INPUT RECORDS

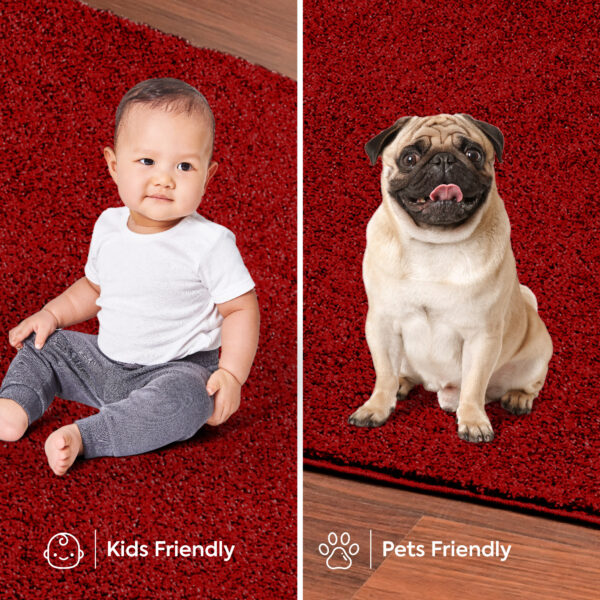 Modern Plush  2' X 10' Runner Red Solid Color Pet and Kids Friendly Area Rugs - Image 5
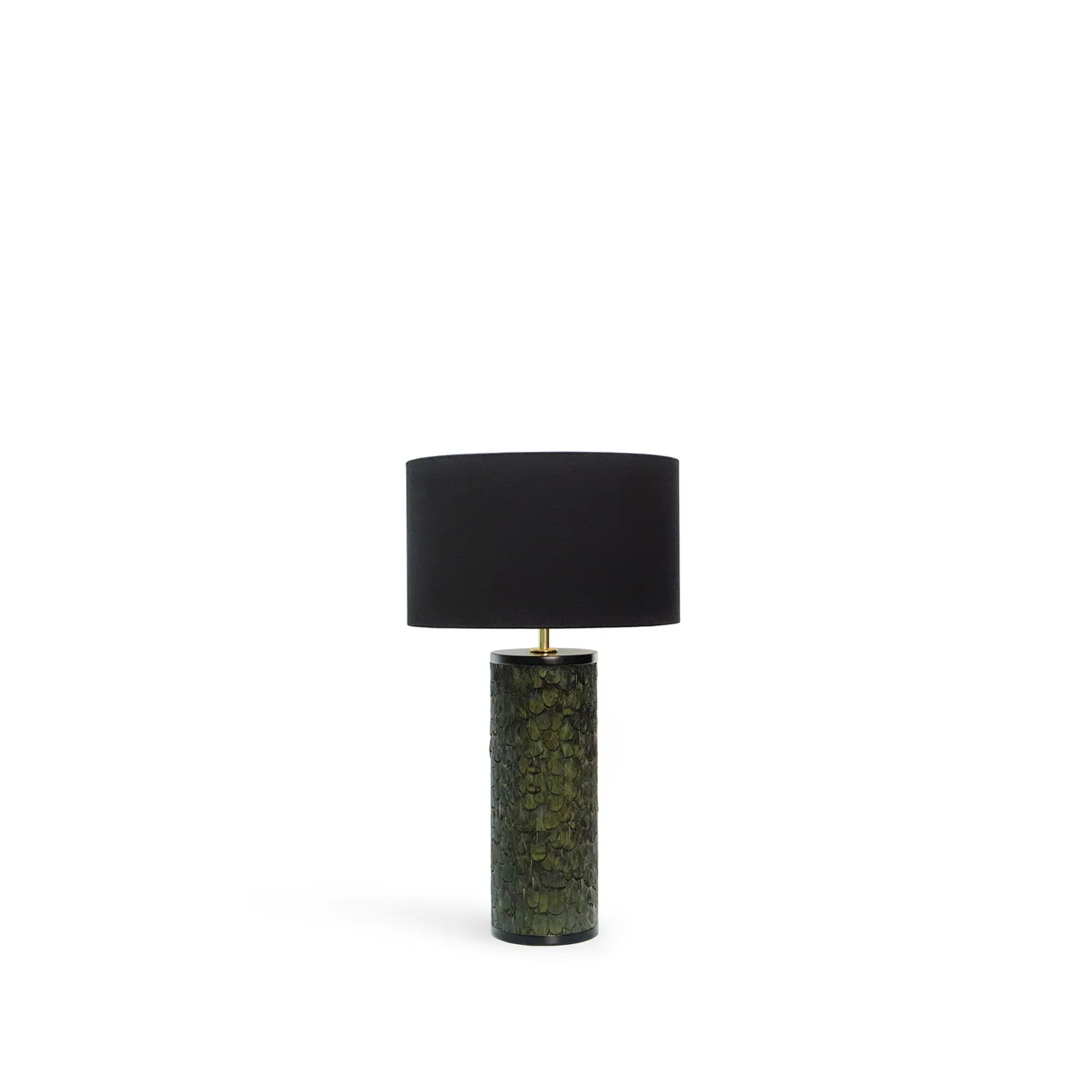 Tailor Peacock Feather Table Lamp with a cylindrical base covered in green peacock feathers and a round black lampshade.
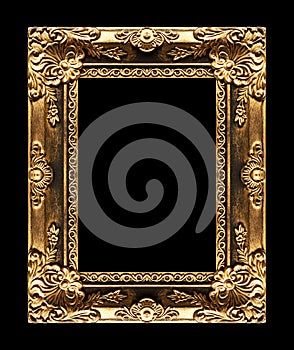 Antique picture gold frame isolated on black background, clipping path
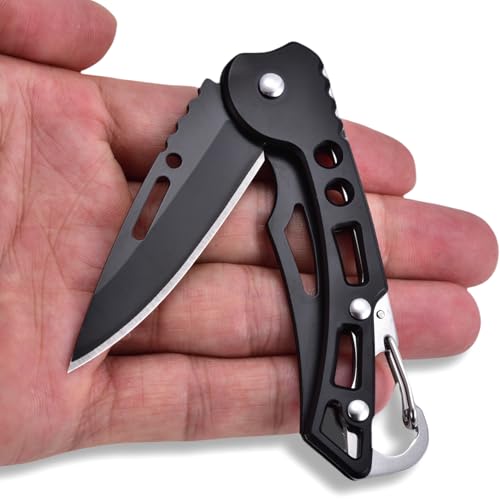 JPCRMOV Klappmesser (Zweihandmesser) mit Karabiner Clip, Klein Taschenmesser für Outdoor & Survival - Klein Messer EDC Vollständig aus Stahl leicht und kompakt - Gewicht 50g (Schwarz) von JPCRMOV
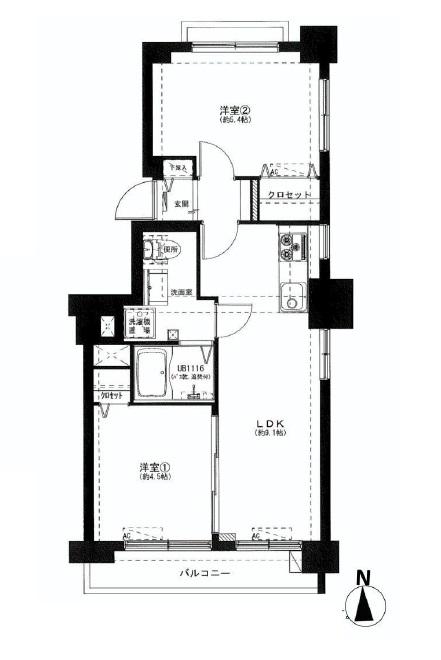 Floor plan. 2LDK, Price 20,900,000 yen, Footprint 43.5 sq m Nakano Mansion Renovation Renovation 2LDK 20 million yen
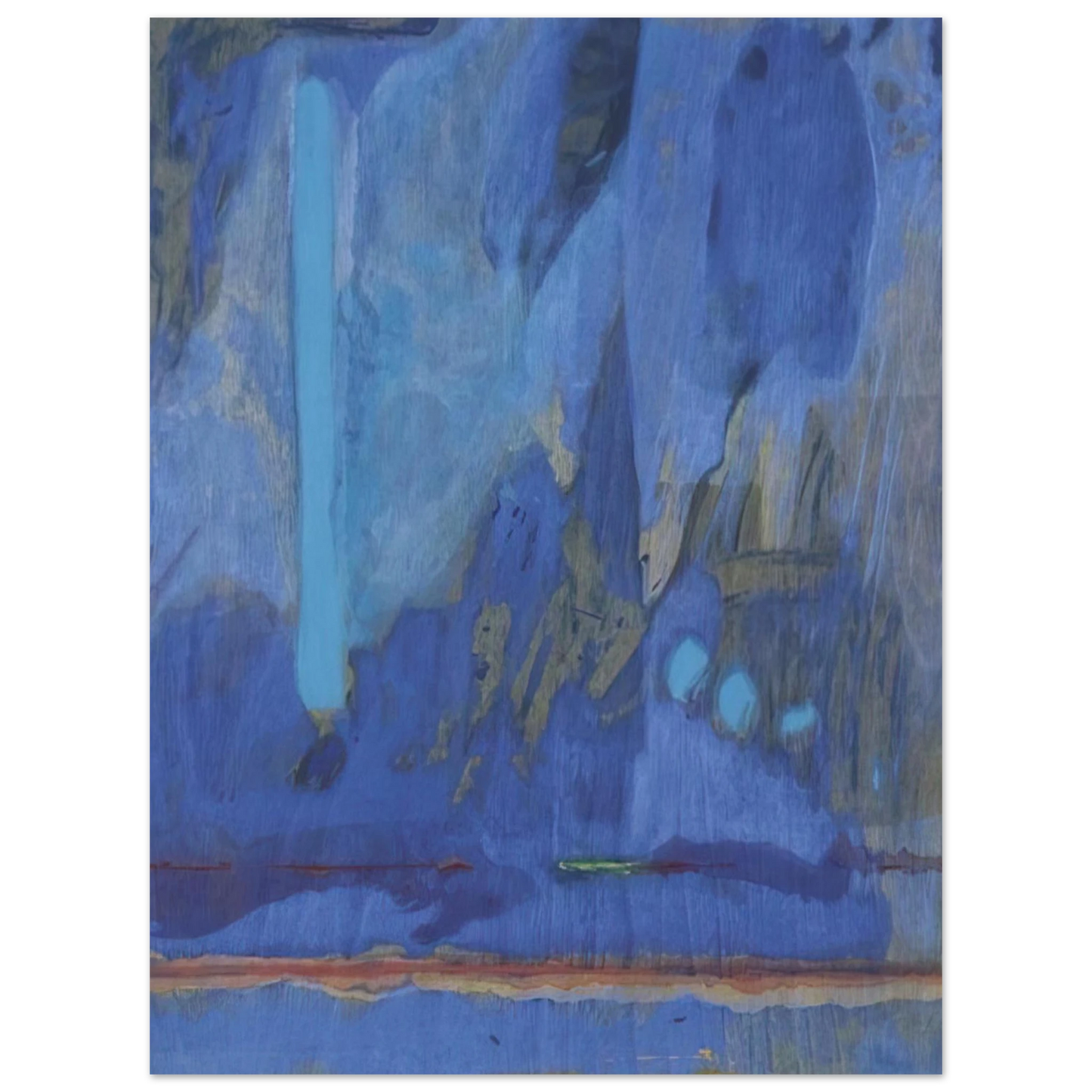 Helen Frankenthaler - Tales of Genji III - 1998 Wall art - 30x30 cm / 12x12 inches - Premium Wooden Framed Poster With Fine Art Paper - White frame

WORK TASK
Reproduce the material above exactly, but only from the line with "JPCRMOV Klappmesser (Zweihandmesser)" through its last line, leaving pictures out.

THE COMPLETED TASK
 JPCRMOV Klappmesser (Zweihandmesser) mit Karabiner Clip, Klein Taschenmesser für Outdoor & Survival - Klein Messer EDC Vollständig aus Stahl leicht und kompakt - Gewicht 50g (Schwarz) von JPCRMOV
 Floor plan. 2LDK, Price 20,900,000 yen, Footprint 43.5 sq m Nakano Mansion Renovation Renovation 2LDK 20 million yen
 Helen Frankenthaler - Tales of Genji III - 1998 Wall art - 30x30 cm / 12x12 inches - Premium Wooden Framed Poster With Fine Art Paper - White frame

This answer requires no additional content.